Ok so you and your spouse have agreed that selling your home is the best course of action for you both. Well that’s a good start, but It’s only a start. When it comes to pricing the home, a lot is revealed. If you both are on the same page and both are equally anxious to move on than pricing the home will look a lot like any other time you decide to sell your home. However, if one of you is enthusiastic about moving on and the other only reluctantly agreed, it will be revealed at this point. So don’t be surprised if this becomes an argument starter. (side note: This is another reason why you want to pick a realtor that is experienced with the situation. And another reason why you want to pick a realtor that is unbiased. At the argument starting junctions, they should be able to guide you both away from the emotional reactions and into good business decisions)
Usually pricing a home starts with a CMA (Comparative Market Analysis) Report. You can get this, at no cost, from your Realtor. This Report shows all the homes that are currently on the market (your competition), Under contract or Pending sales (what recently went into escrow), and the homes that have sold within the past 6 months. You and your Realtor will review these homes together and compare the features, condition, location, size, room count, age, and amenities to your home. Sounds simple, right? It should be. Here’s where the revelations start with a divorcing couple.
- If you or your spouse really don’t want to sell and only reluctantly agreed, then an unrealistic price will be demanded, in an attempt, to stop the sale, and an argument begins.
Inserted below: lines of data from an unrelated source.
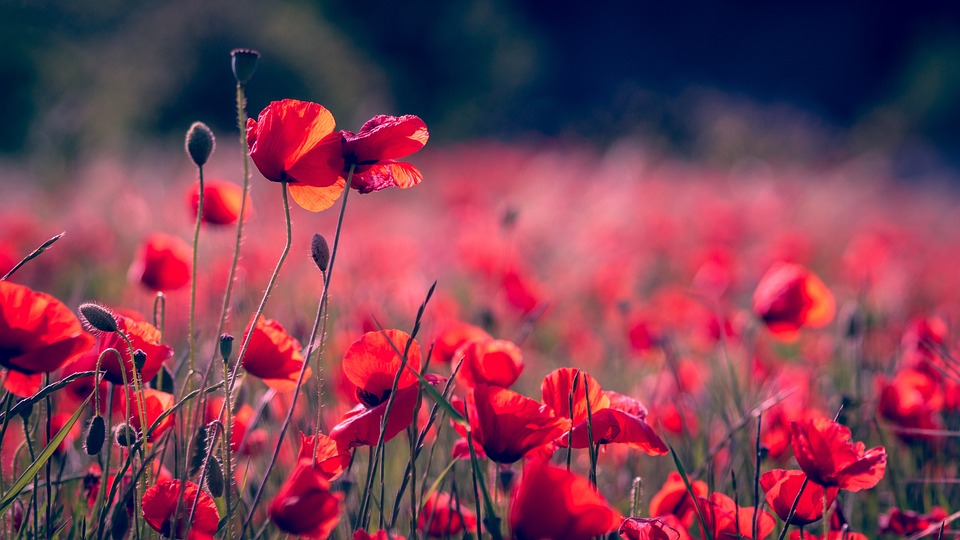 Por que não existe flor preta?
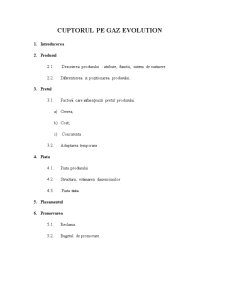 Studiu de Caz - Cuptorul de Gaz Evolution - Pagina 1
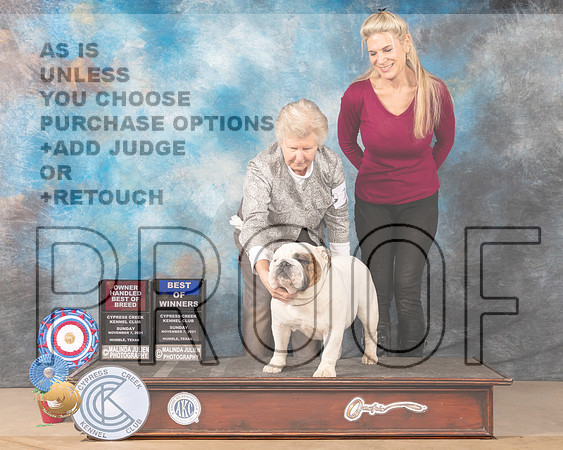 Bulldog #11 Sun BOWOHBOB Judge Diane Landstrom_MMJ_3857-CCKC2021-HR3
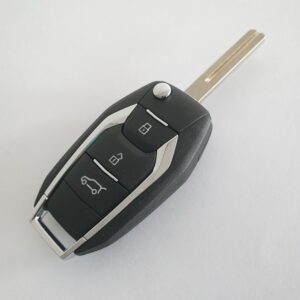 eDeliver3 - Remote key
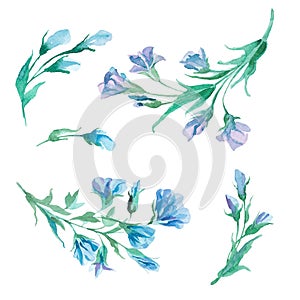 Set of watercolor flowers and leaves isolate on white background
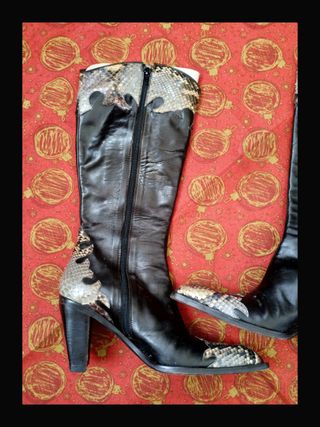 Stivali al ginocchio in pelle pitonata williams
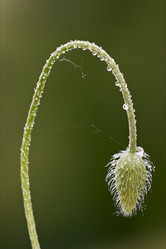 Similar image 9488755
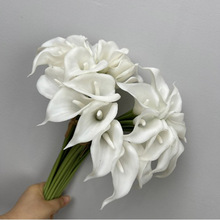 l滨5ɫRɏ Իpu|溣Ҿƿ¿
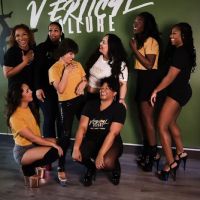Vertical Allure: Pole Dance and Fitness Studio ico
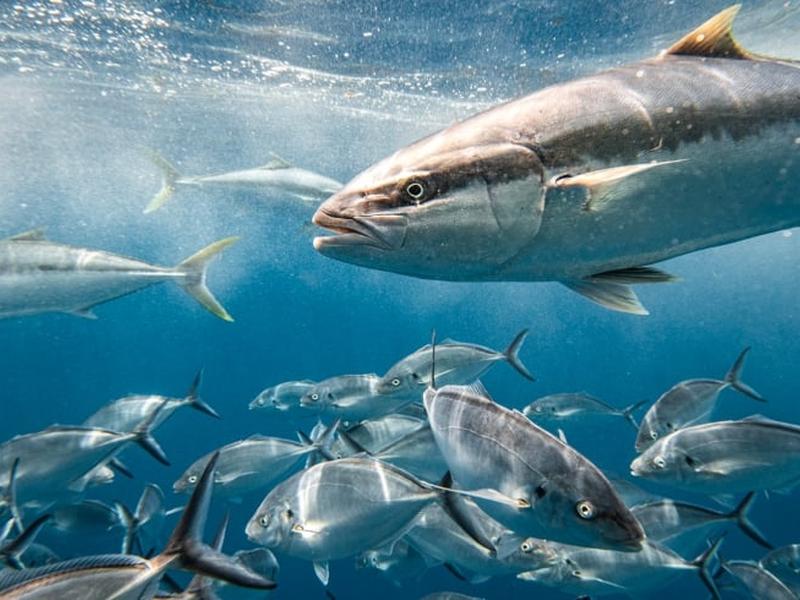 Ai And Satellite Data Map True Scale Of Untracked Fishing And Ocean Industry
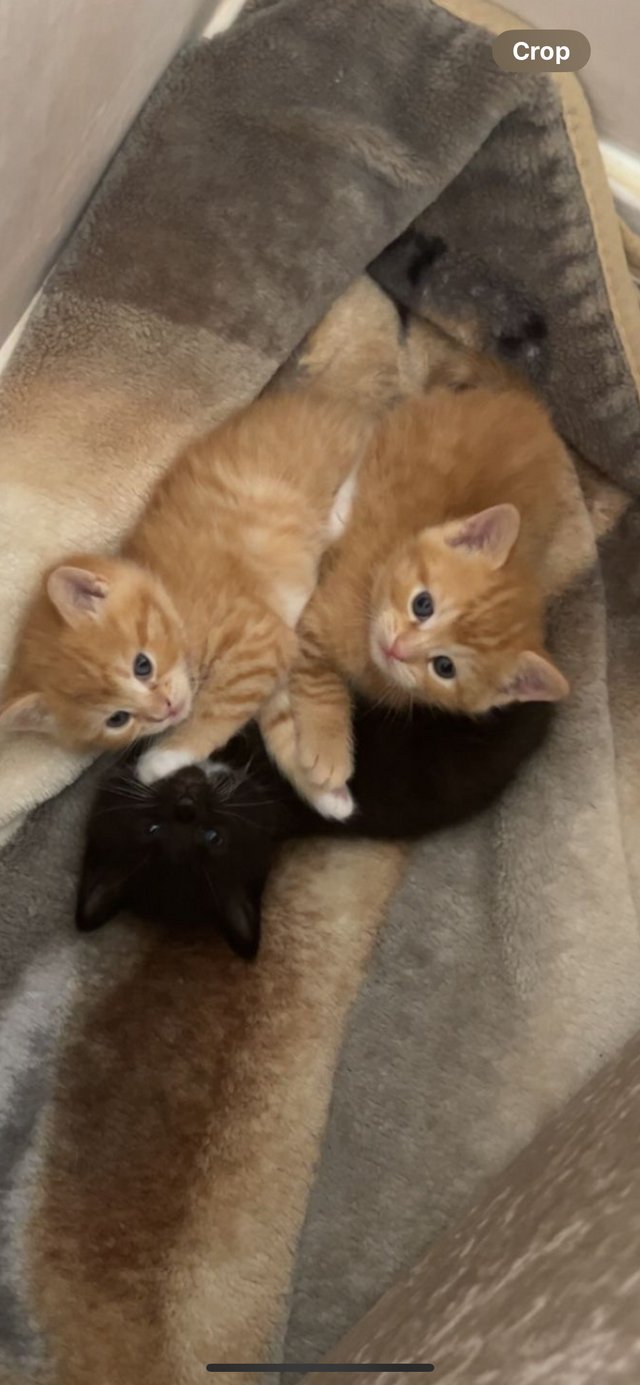 Preview of the first image of Fluffy ginger kittens and 1 black and white.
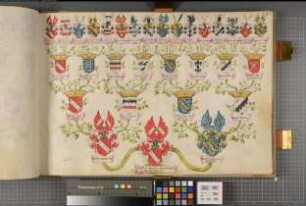 Proband: Haxthausen, Friedrich Heinrich Johann von; Vater: Haxthausen, Wulf von; Mutter: Hanxleden, Mechthild (Mechell) Sophia von: Westfalen, Hzgtm, Ritterschaft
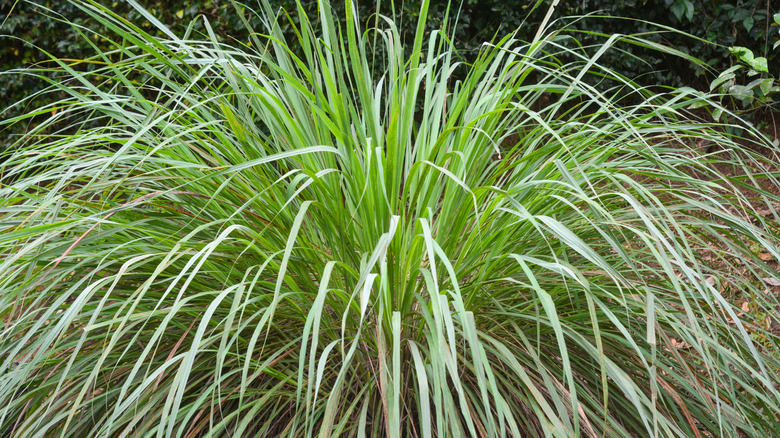 Grad Citronella Grass grubu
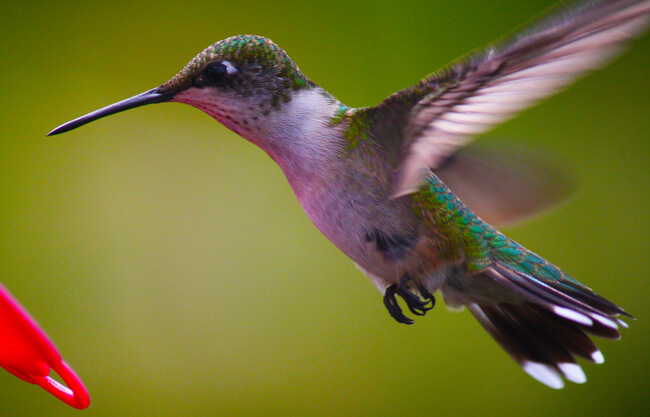 Ruby-throated Hummingbird by Bob Johns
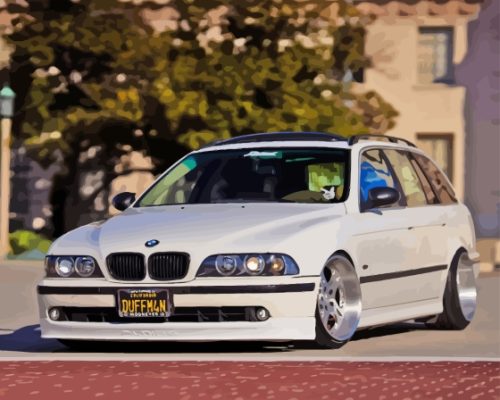 White E39 Car Paint By Numbers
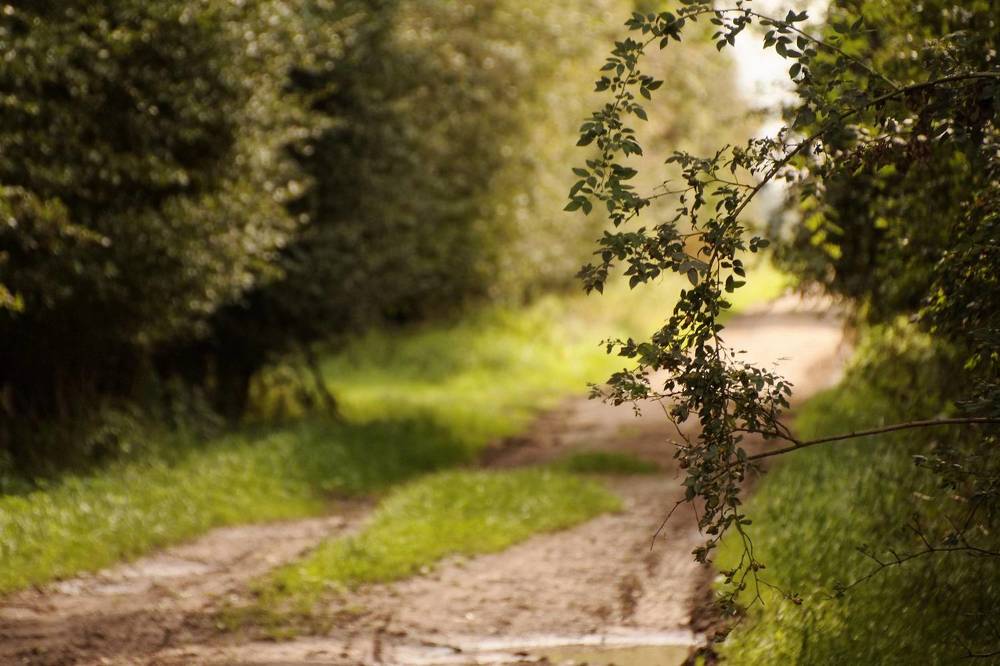 Photograph by Михаил Жарский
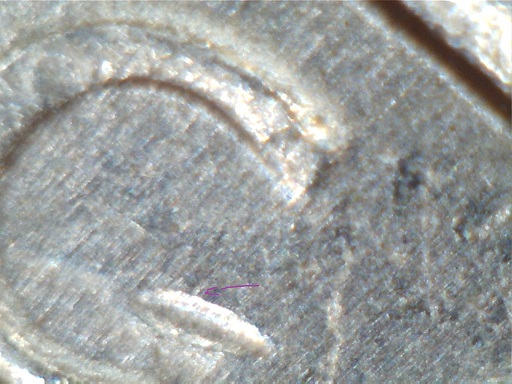 Possible-2013-P-Maryland-Quarter-Discovery-DDR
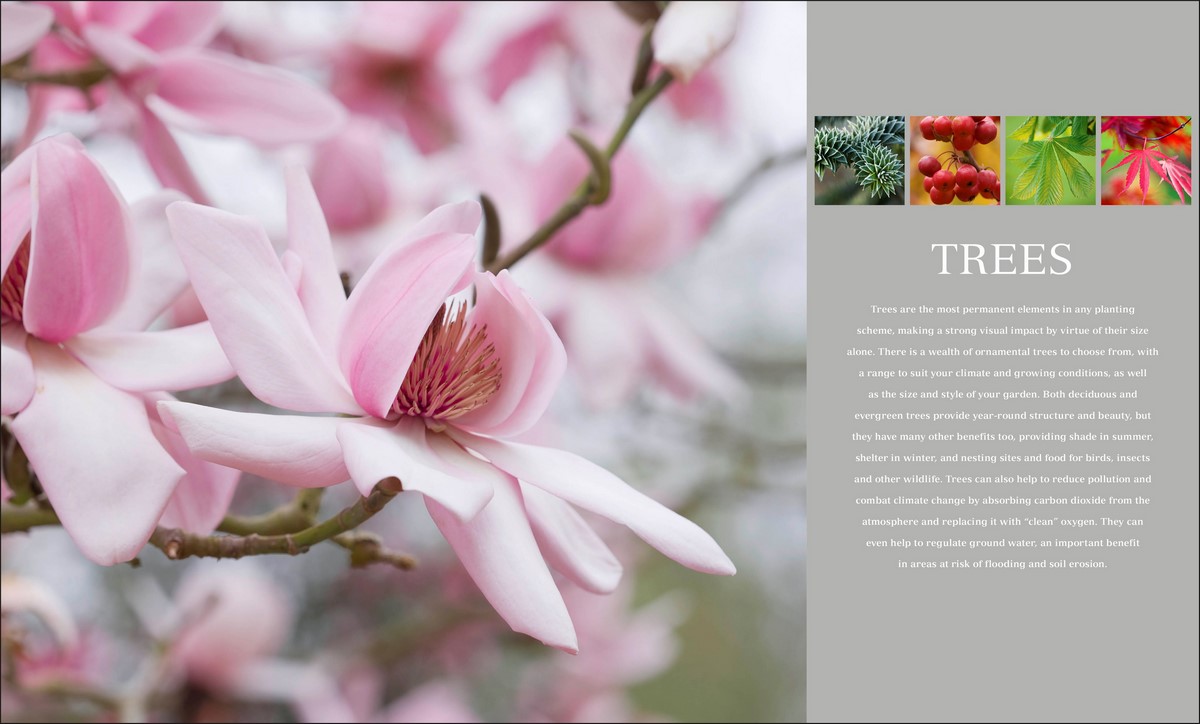 RHS Encyclopedia of Plants and Flowers by DK 9780241343265 Booktopia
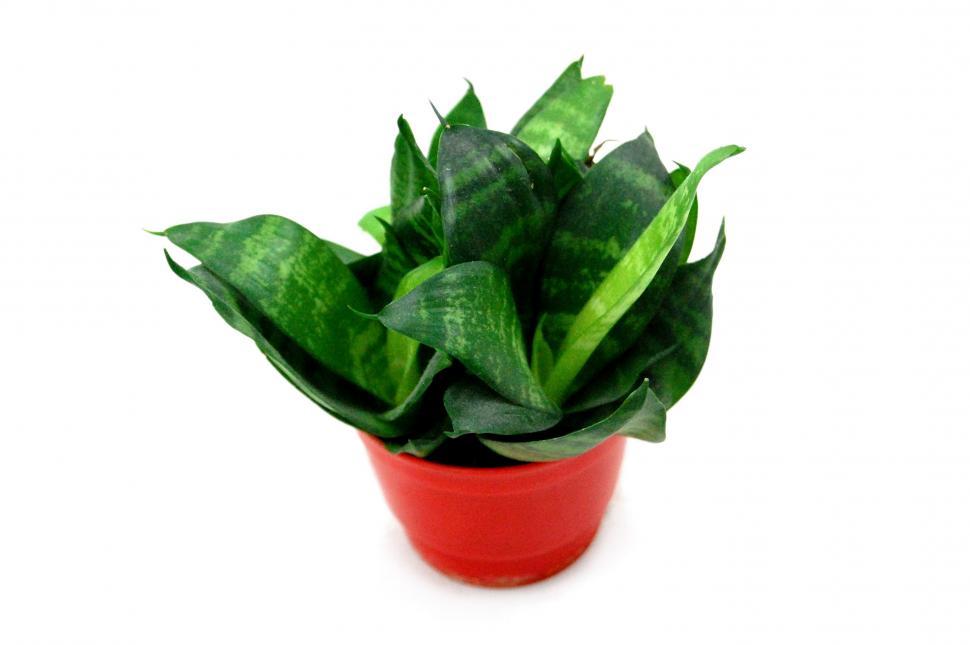 Free Image of Potted Plant With Green Leaves on White Background 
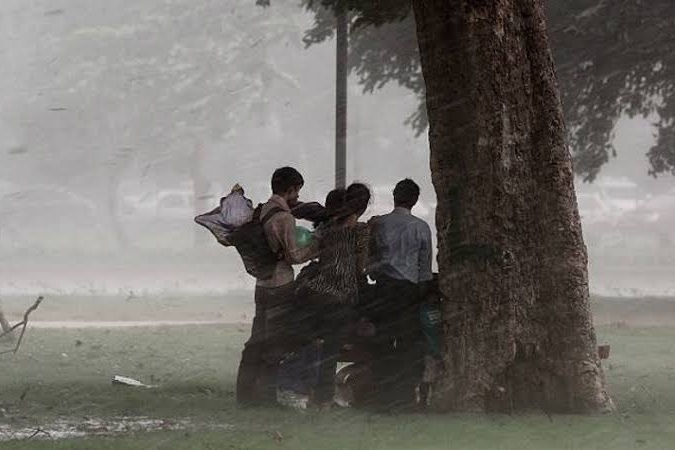Alasan Kenapa Jangan Berteduh di Bawah Pohon saat Hujan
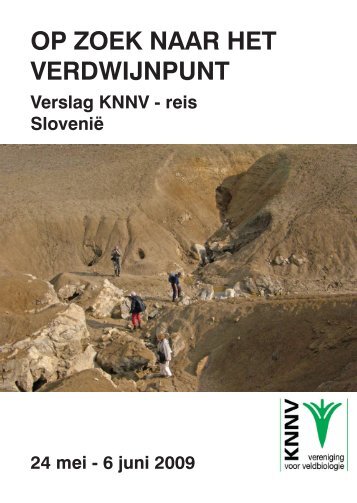 Verslag - Knnv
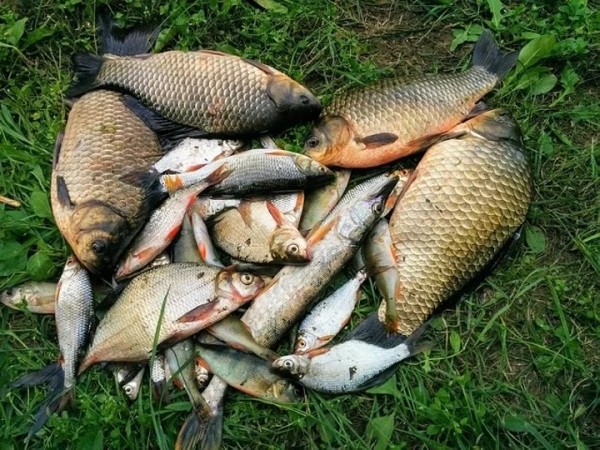 В Брестской области мужчина решил порадовать жену на 8 Марта и «организовать» рыбный день. Инициатива плохо кончилась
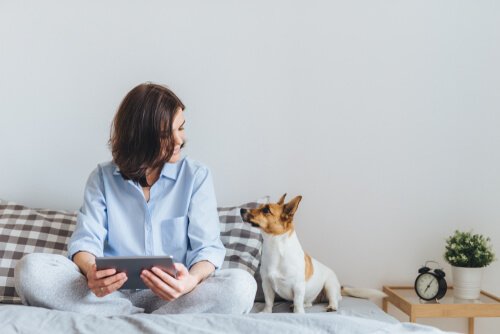 sahibi ve köpeği yatakta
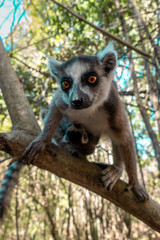Ring Tailed Lemur  kata ,Close up Ring-tailed lemur baby and mother, mother breastfeeding her baby. Wild nature Magdagascar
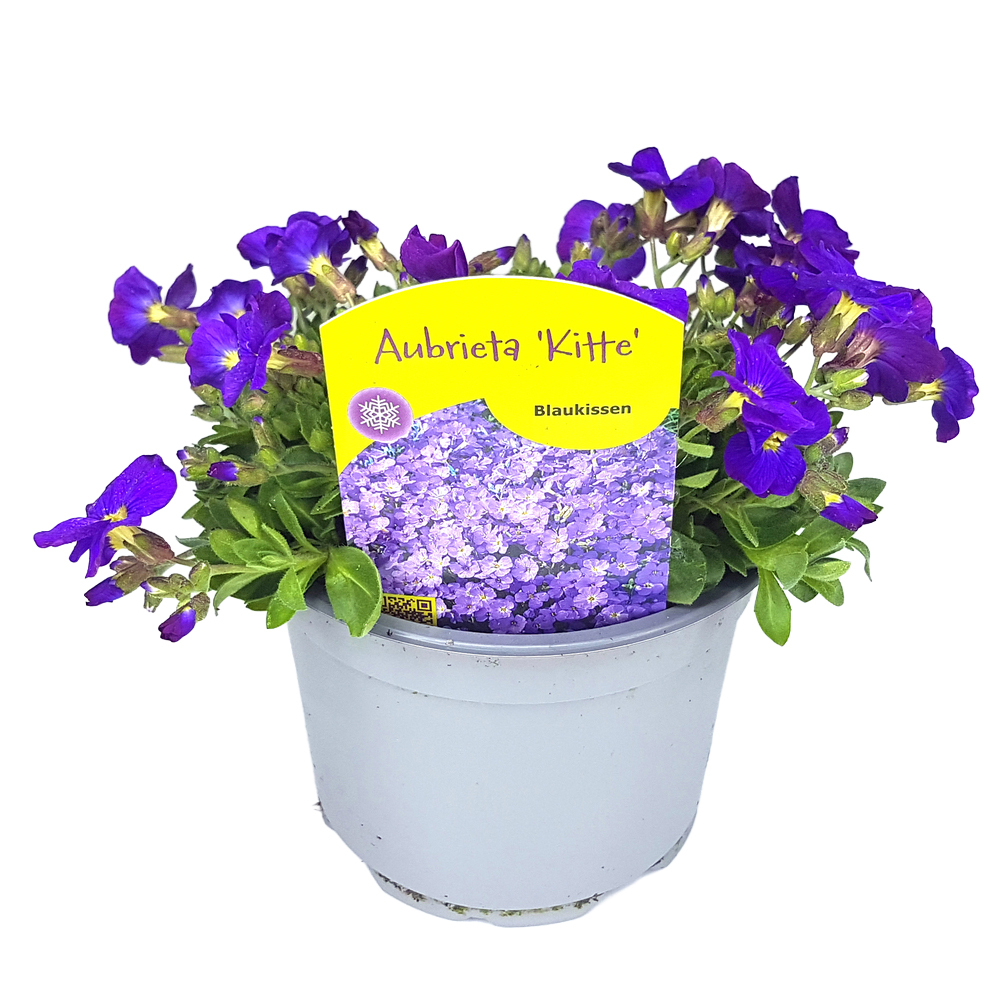 Aubrieta gracilis kitte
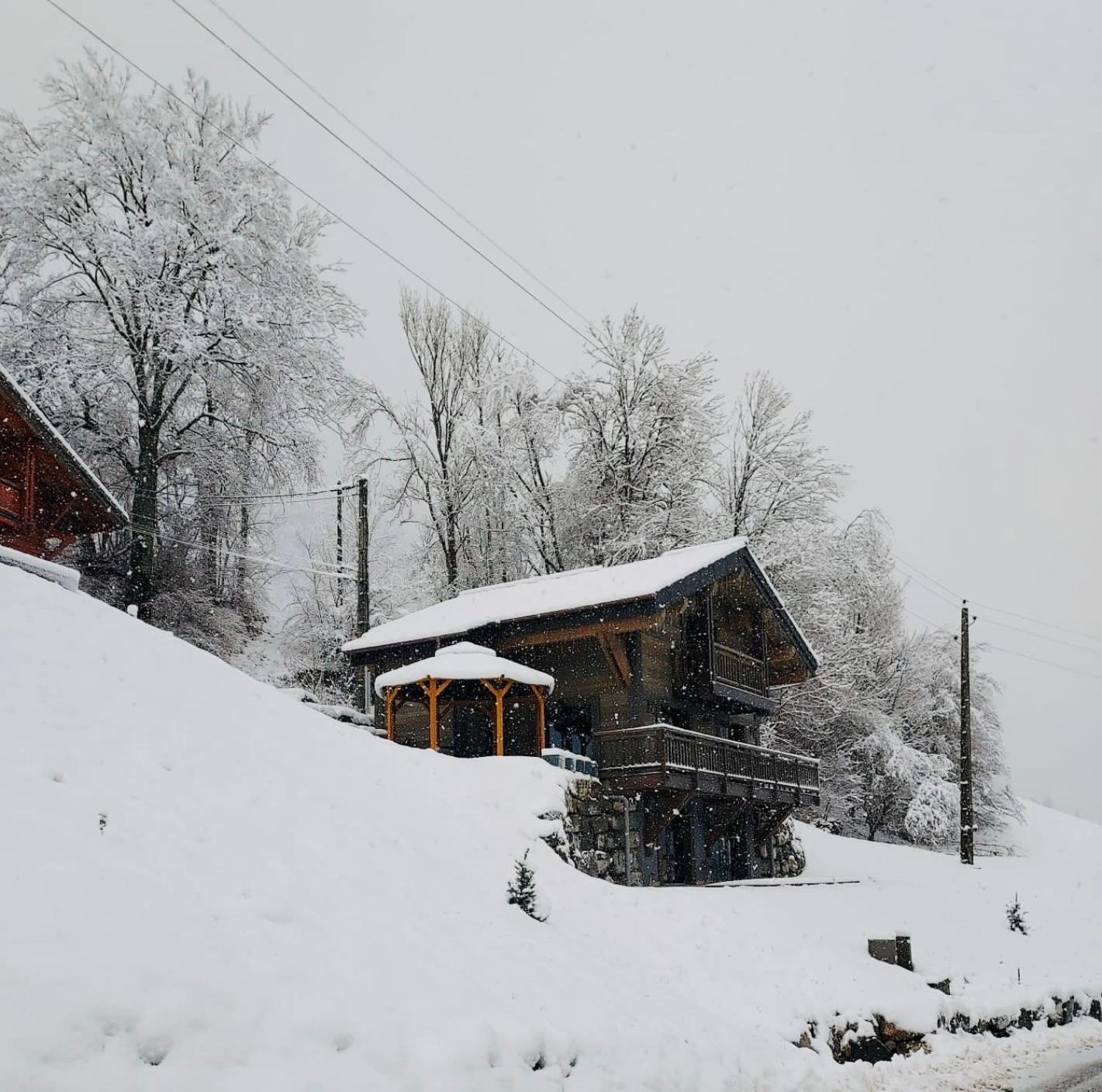 Bonnevaux Chalet Du Bonheur别墅 外观 照片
- If you or your spouse are thinking that you need $X to start over and it will be impossible for you to take any less, and all of it is going to come out of the sale of your house. Again, an impossible price is demanded and the argument starts.
- On the other hand, if one of you wants out so quickly that they are willing to take anything just to get it over with and the other wants to set a reasonable price, that is an argument starter as well.
Once your Realtor recognizes what is behind an unreasonable price demand, then they can try to help you resolve the underlying issue.
Price is the first variable that a buyer will look at to determine if it is a home they would like to see. So, if your home is priced too high the real buyer for your home won’t ever see it. Unfortunately, buyers will not pay more for a home than fair market value no matter what you need to start over.
Now if one of you wants to sell at a lower price; I will say that you can’t market your home too low. OMG WHAT! Are you crazy Ellen! No, I’m not, I’m just experienced. If I put your home on the market for $1.00 do you think that is the price it will sell for? Of course not. Every buyer looking in your neighborhood will come see it and it will sell for the highest price the market will bear. Now I’ve never listed a home for a dollar, but I have listed homes slightly under fair market value and have sold them quickly for much more. Experience tells me that you will get more for your home if you go slightly under FMV. Now just to be clear, FMV is not what you want, but what the neighborhood is currently selling for.
The house is worth what the house is worth regardless of the situation. Your Realtor markets and sells homes for a living. I can safely assume that they have sold a lot more homes than you have. So, listen to your Realtor’s pricing recommendations. Set a fair price.